Voyager's "FDIC insured" marketing is worth pausing on, because it shows how the reassurance was built. The insurance was real. It covered the US dollars Voyager kept at a partner bank, and it only applied if that bank failed. It did not cover crypto, and it did not cover Voyager itself going bankrupt, which is what actually happened. Every word of it was technically accurate. What customers took away from it was not.
November 2022: FTX
Then the biggest one. By the autumn of 2022 FTX was one of the most respected exchanges anywhere. It had stadium naming rights, Super Bowl ads, and a founder who testified in front of Congress and got photographed with world leaders. None of that had anything to do with whether the customer coins were actually there.
When CoinDesk reported that the balance sheet of FTX's sister hedge fund, Alameda Research, was propped up by FTX's own FTT token, confidence broke. A competitor said it would sell its FTT, customers rushed to pull their money out (around $5 billion of withdrawal requests in a few days), and the money wasn't there to give them. FTX had been quietly sending customer deposits to Alameda through a credit line with effectively no limit. On 11 November 2022, FTX, Alameda, and roughly 130 related companies filed for bankruptcy. The customer shortfall was about $8 billion. Sam Bankman-Fried was convicted on all seven fraud counts in 2023 and sentenced to 25 years in 2024.
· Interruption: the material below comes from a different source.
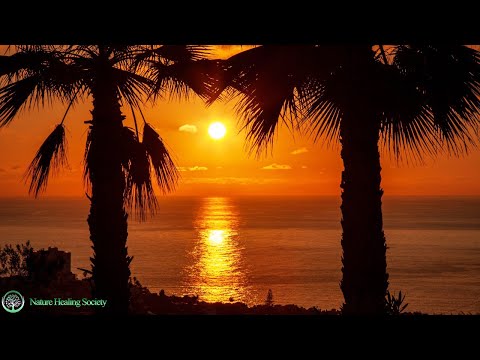 MORNING Relaxing Music With Beach From Madagascar 528Hz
The repayment is the part worth sitting with. FTX creditors are actually being made more than whole, but in dollars, valued as of 11 November 2022, when bitcoin was around $16,000. Bitcoin later traded well above $90,000. So if you held bitcoin on FTX, you're getting back its dollar value from the worst week of that year, and you no longer own the coins or get their later price. What you held on FTX was a claim that happened to be measured in bitcoin, which is not the same thing as the bitcoin.
The pattern
Put the seven side by side and the same few things show up in almost all of them.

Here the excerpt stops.